Please repeat exactly, and only, the lines from the one containing "Grote foto vidaxl" through the end of the records below, with no pictures.

Records from a dataset
Start of Block
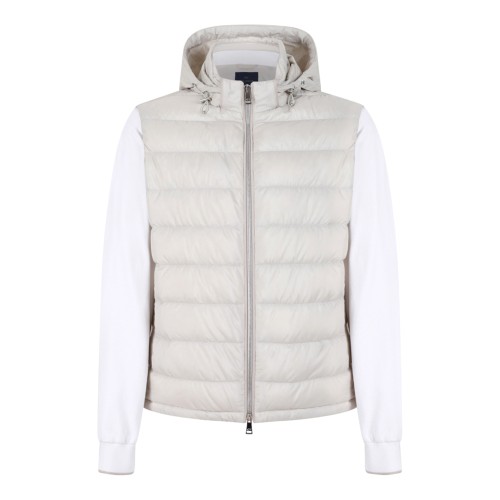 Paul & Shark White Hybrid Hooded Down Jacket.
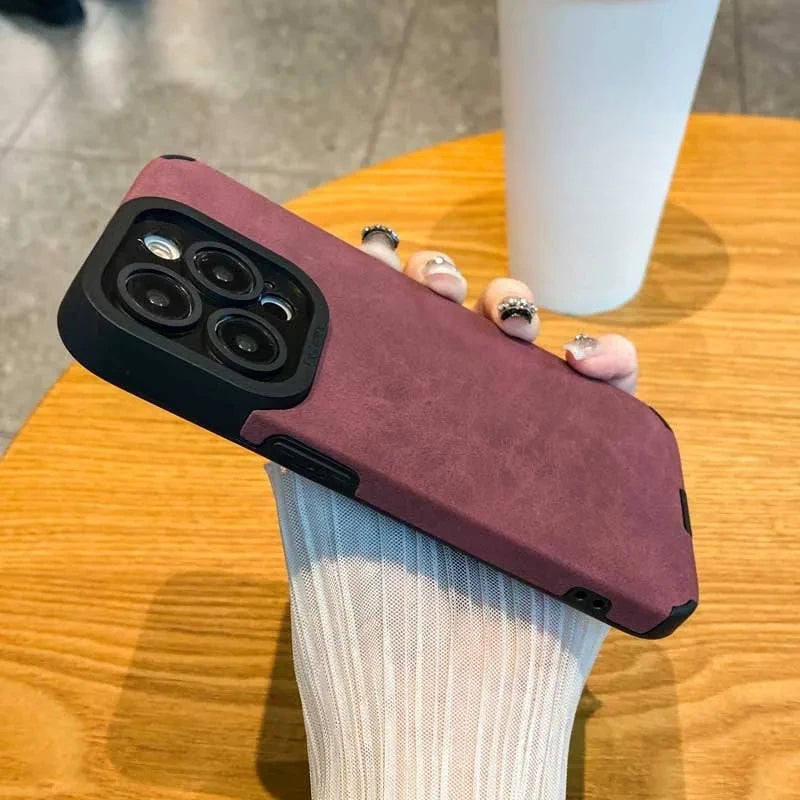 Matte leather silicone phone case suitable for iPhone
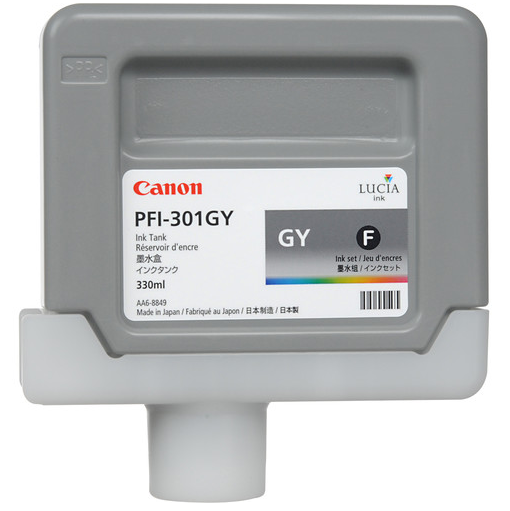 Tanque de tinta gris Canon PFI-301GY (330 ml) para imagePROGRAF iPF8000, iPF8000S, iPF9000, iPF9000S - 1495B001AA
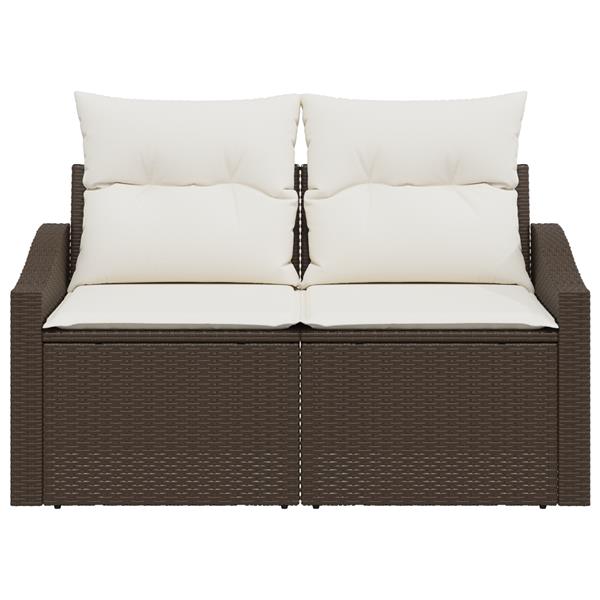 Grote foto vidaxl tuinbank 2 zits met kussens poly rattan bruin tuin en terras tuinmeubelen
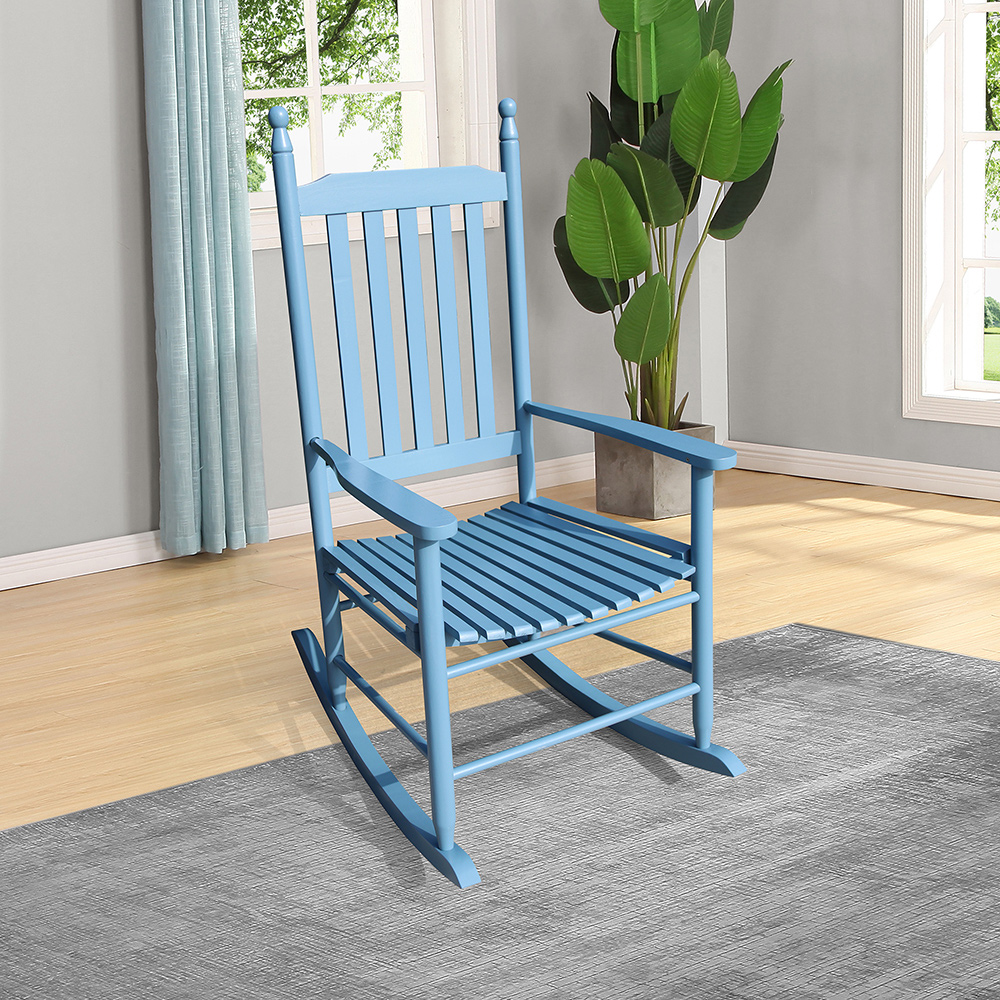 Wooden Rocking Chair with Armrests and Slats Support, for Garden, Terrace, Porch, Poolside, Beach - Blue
End of Block
Exercise answer
 Grote foto vidaxl tuinbank 2 zits met kussens poly rattan bruin tuin en terras tuinmeubelen
 Wooden Rocking Chair with Armrests and Slats Support, for Garden, Terrace, Porch, Poolside, Beach - Blue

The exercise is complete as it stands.